Les dessins de Reiser entrent au musée

Publié le par Gérard Monnier

Les dessins de Reiser entrent au musée                          
12 novembre 1995, texte inédit

 

Les dessins de Reiser entrent au musée              

    De tous les dessins publiés dans les revues nées dans la grande contestation des années 1960, ceux de Jean-Marc Reiser (1941-1983) sont parmi les plus virulents. Tout y passe : l'école et le sacré, l'armée et la hiérarchie sociale, les conventions édifiantes, le quotidien minable, la déchéance du corps, les pratiques de la table et du sexe, la pollution des villes, la misère des campings. Rien n'échappe à la verve rabelaisienne du graphiste, ce narrateur incongru, qui assemble le trait emporté et le mot énorme, double moteur de trouvailles cocasses et de récits burlesques.

    Reiser n'a pas vingt ans, en 1960, lorsqu'il participe au premier numéro de Hara Kiri ; suivent les collaborations à Pilote (1967), puis à Charlie-Hebdo (1970), à La gueule ouverte (1972), au Monde (1978), au Nouvel Observateur (1981), puis à L'écho des savanes (1982). Les albums débutent avec Ils sont moches, en 1970, Mon papa, en 1971.
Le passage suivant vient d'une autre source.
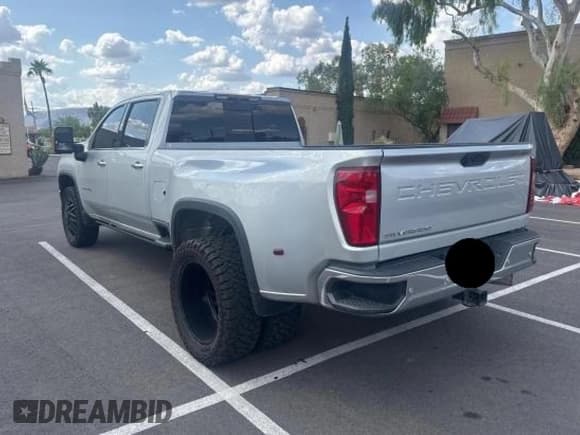 ✅ 2020 Chevrolet Silverado 3500HD LTZ • VIN: 1GC4YUEY8LF208936 • Lot: 59998105. Listed on Copart with 72,985 mi. Free auction sales archive from the USA and detailed vehicle history report at DreamBid. Image 3.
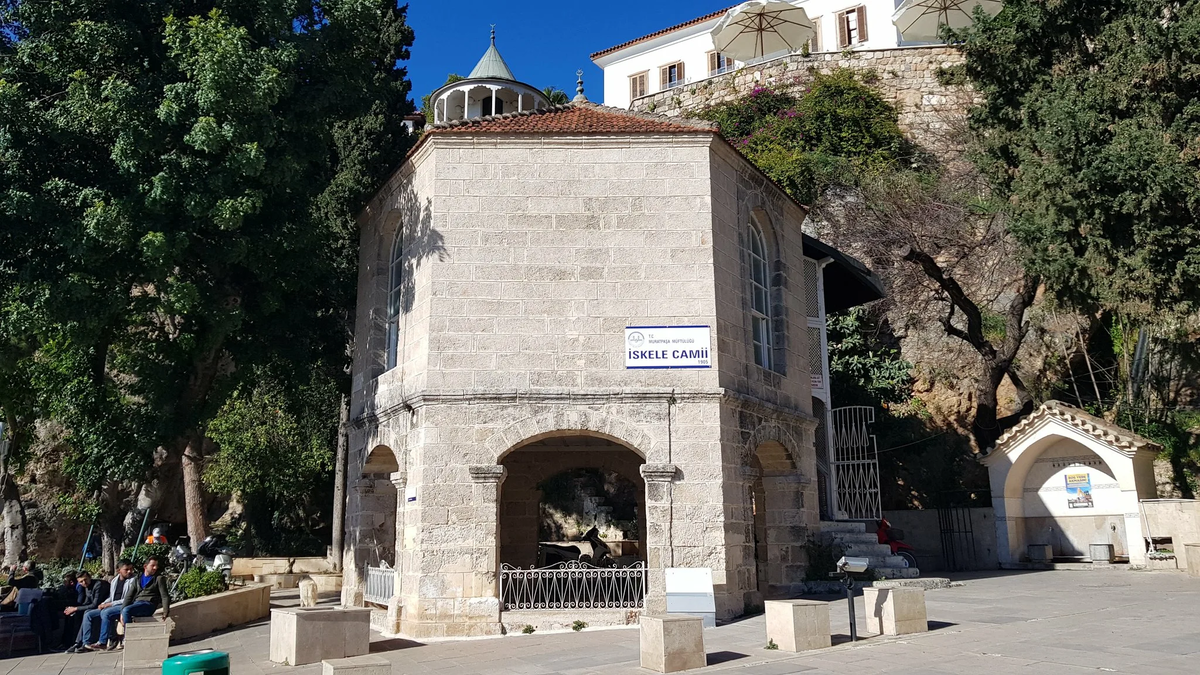 Ein kompletter Reiseführer für Iskela (Tricomo) auf Zypern: was es zu sehen gibt, wo man Urlaub machen und wo man Immobilien kaufen kann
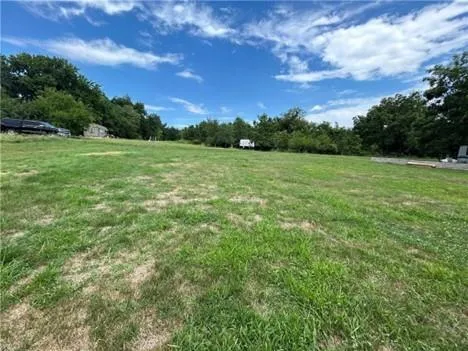 $16,000 | 14-18 Cedar Drive, Linn Valley, KS 66040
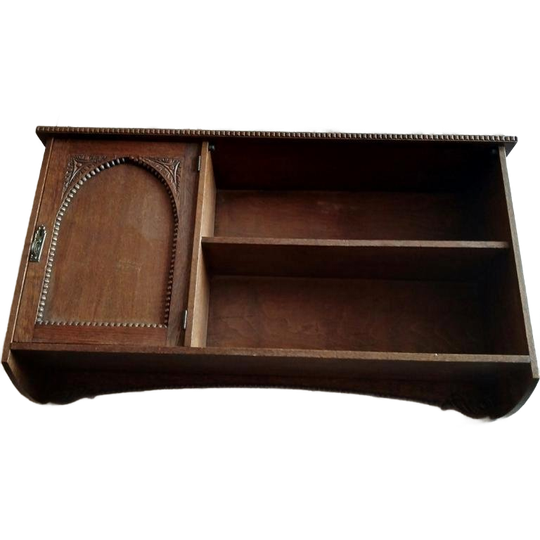 Vintage Wandkast Met Plankjes En Deurtje 1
    Le 10 novembre dernier, la première vente publique des dessins de Reiser dispersait deux cents pièces, provenant de l'atelier de l'artiste, dans une salle de l'hôtel Drouot. On pouvait tout craindre : la consécration plate par l'évènement et par les médias bénisseurs, la banalisation par le marché, un succès de snobisme. Sans doute a-t-on eu un peu de tout cela, mais la futilité céda la place à l'émotion authentique d'une véritable foule d'admirateurs, capables, par moments, de partager, par le rire, la force communicative des images, une façon de saluer l'étonnante liberté de l'artiste. Une manière de répondre aussi, sur le ton juste, à l'allégresse de Me Poulain, le commissaire-priseur, en pleine forme.  D'où une étrange complicité, peu banale, en ces lieux voués à un commerce en général plus apre.  

    Au lendemain de la mort de Reiser, le ministre de la Culture, Jack Lang, avait salué "ce grand artiste de notre temps" : on attendait donc les musées au tournant. Après cette vente, trois dessins de Reiser entrent bien dans les collections publiques françaises, trois dessins "préemptés", c'est-à-dire que l'Etat se substitue à l'adjudicataire, et au prix de la dernière offre *. Ce qui est surprenant (mais est-ce vraiment surprenant ?) : ce ne sont pas les musées d'art qui s'intéressent aujourd'hui à Reiser, malgré la place évidente du dessinateur dans une grande tradition qui débute avec Daumier. Reiser n'entrera pas (encore) à Beaubourg, mais au musée d'Histoire contemporaine (Hôtel des Invalides), heureusement présent à cette vente. Un dessin de Reiser, œuvre d'art ou document ?

G. Monnier

* Les prix dans l'ensemble ont atteint un niveau élevé, supérieur aux estimations publiées dans la presse : 4 à 10 000 F pour les dessins à la plume, 8 à 15 000 F pour les aquarelles, avec plusieurs pièces entre 20 et 45 000 F ("Le père Noé", 1968).